Quote the data below in full, minus the images.

§ **Data extract**:
______________________________
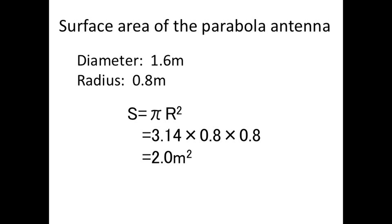The plane perpendicular to the sun's rays formed by our parabolic antenna is 2.0 meters squared. We use the formula area S equals pi times the radius squared. Substituting 3.14 for pi, we get 3.14 times our radius, 0.8 meters, times our radius again, 0.8 meters. That gives us 2.0 meters squared.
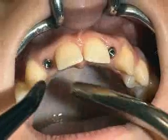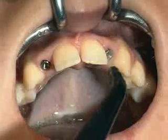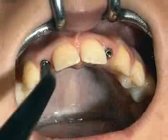By the time the healing caps are removed, the aesthetically critical emergent profile of the gingiva is fully developed.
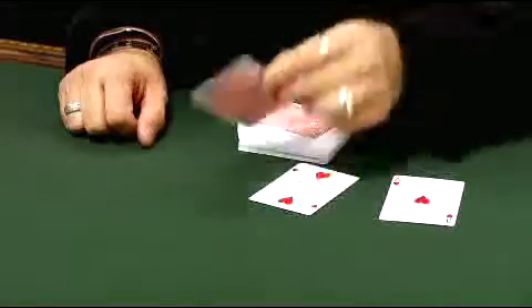You can do these tricks absolutely anywhere, and the cool thing is you can even hand this deck out. You can even play a game of cards with this deck and then do a killer trick afterwards.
______________________________
§ **Solution**:
The plane perpendicular to the sun's rays formed by our parabolic antenna is 2.0 meters squared. We use the formula area S equals pi times the radius squared. Substituting 3.14 for pi, we get 3.14 times our radius, 0.8 meters, times our radius again, 0.8 meters. That gives us 2.0 meters squared.
By the time the healing caps are removed, the aesthetically critical emergent profile of the gingiva is fully developed.
You can do these tricks absolutely anywhere, and the cool thing is you can even hand this deck out. You can even play a game of cards with this deck and then do a killer trick afterwards.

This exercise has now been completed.